*EXERCISE DATA*.
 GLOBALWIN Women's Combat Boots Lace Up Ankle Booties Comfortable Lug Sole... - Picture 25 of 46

==

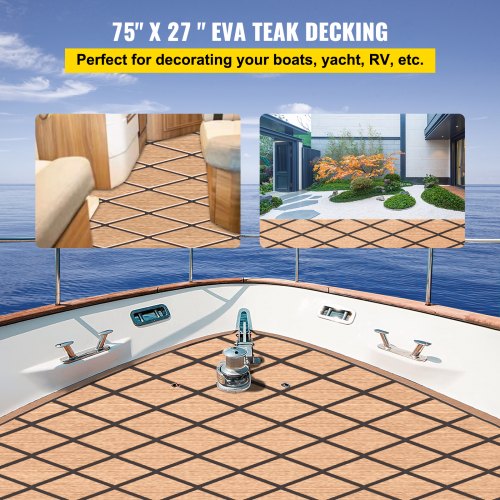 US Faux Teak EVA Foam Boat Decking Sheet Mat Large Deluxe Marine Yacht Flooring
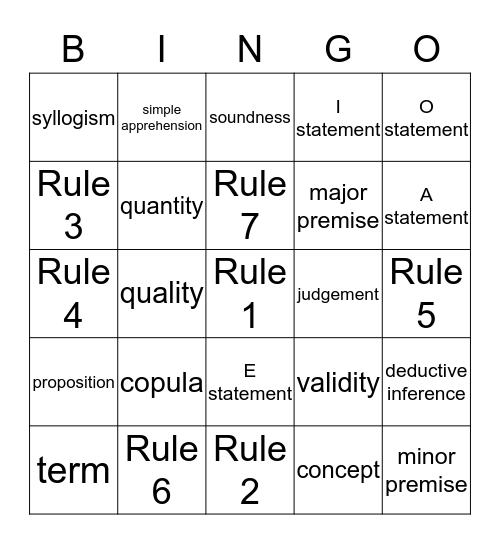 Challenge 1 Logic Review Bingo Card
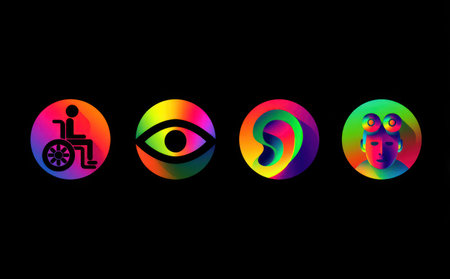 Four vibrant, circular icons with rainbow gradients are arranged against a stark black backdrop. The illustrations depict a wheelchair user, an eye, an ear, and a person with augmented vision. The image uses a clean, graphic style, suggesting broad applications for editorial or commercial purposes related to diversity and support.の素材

*WHAT IS NEEDED*. Above are entries with pictures among them. Write out exactly the lines from the one containing "Challenge 1 Logic Review Bingo Card" through the one containing "Four vibrant, circular", ends included, and leave those pictures out.

*EXERCISE RESPONSE*.
 Challenge 1 Logic Review Bingo Card
 Four vibrant, circular icons with rainbow gradients are arranged against a stark black backdrop. The illustrations depict a wheelchair user, an eye, an ear, and a person with augmented vision. The image uses a clean, graphic style, suggesting broad applications for editorial or commercial purposes related to diversity and support.の素材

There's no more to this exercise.